# Farmer milks a cow



## elianna (Jun 9, 2009)

A farmer was milking his cow. He was just starting to get a good rhythm going when a bug flew into the barn and started circling his head. Suddenly, the bug flew into the cow's ear. The farmer didn't think much about it, until the bug squirted out into his bucket. It went in one ear and out the udder.


----------



## Scout (Jun 9, 2009)

LOL Oh, that's bad!


----------



## wynedot55 (Jun 9, 2009)




----------



## Farmer Kitty (Jun 9, 2009)




----------



## Chirpy (Jun 9, 2009)




----------



## WildRoseBeef (Jun 9, 2009)

LMAO that's a good one.


----------



## Thewife (Jun 9, 2009)




----------



## Rence (Jun 10, 2009)

I'm ashamed to admit I had to read that twice.

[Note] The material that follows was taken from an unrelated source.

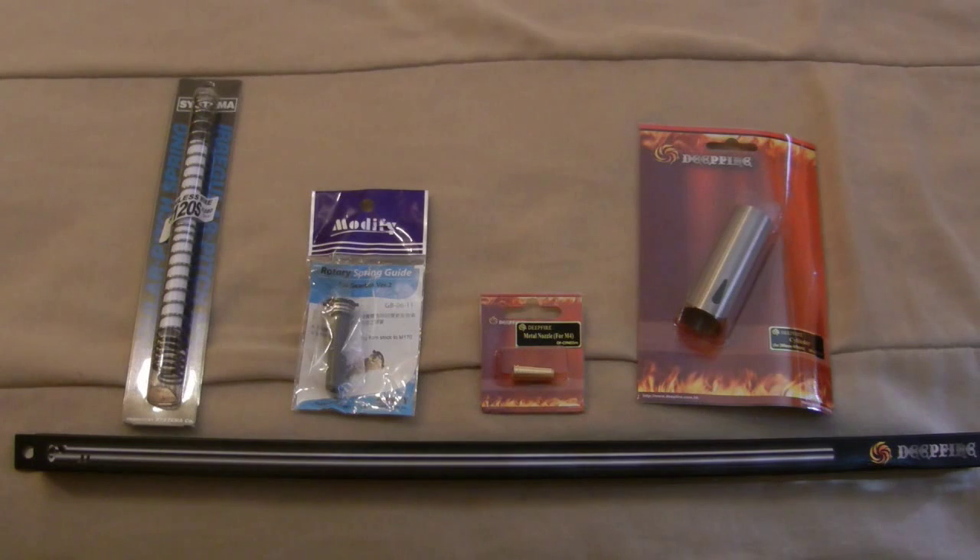Starting from the barrel, I purchased a Deep Fire barrel as well as a few other Deep Fire internal pieces. I've had some recommendations that they're decent quality and relatively inexpensive, so I wanted to test those out. They're available solely at Air Splat right now, so you can check them out on their website. I got a stainless steel 363 millimeter 6.04 tight bore barrel from Deep Fire, as well as a Deep Fire cylinder and a Deep Fire metal nozzle with the double O-ring. The pricing was really nice.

But, better late than never


----------



## Kute Kitten (Jun 10, 2009)

This thread should have a lot of laughs for it!


----------



## wafflesmom (Sep 13, 2009)

Hahaha


----------



## Evilkitty162 (Nov 6, 2009)

bad pun,  bad pun


----------



## ChickenGirl11 (Dec 11, 2010)

lol


----------



## kelsey2017 (Feb 15, 2011)

I can't wait to use that one on my Dad, he tells the worst! Now I can get him back, thanks!


----------



## elevan (Mar 6, 2011)

Oh, that is so bad!


----------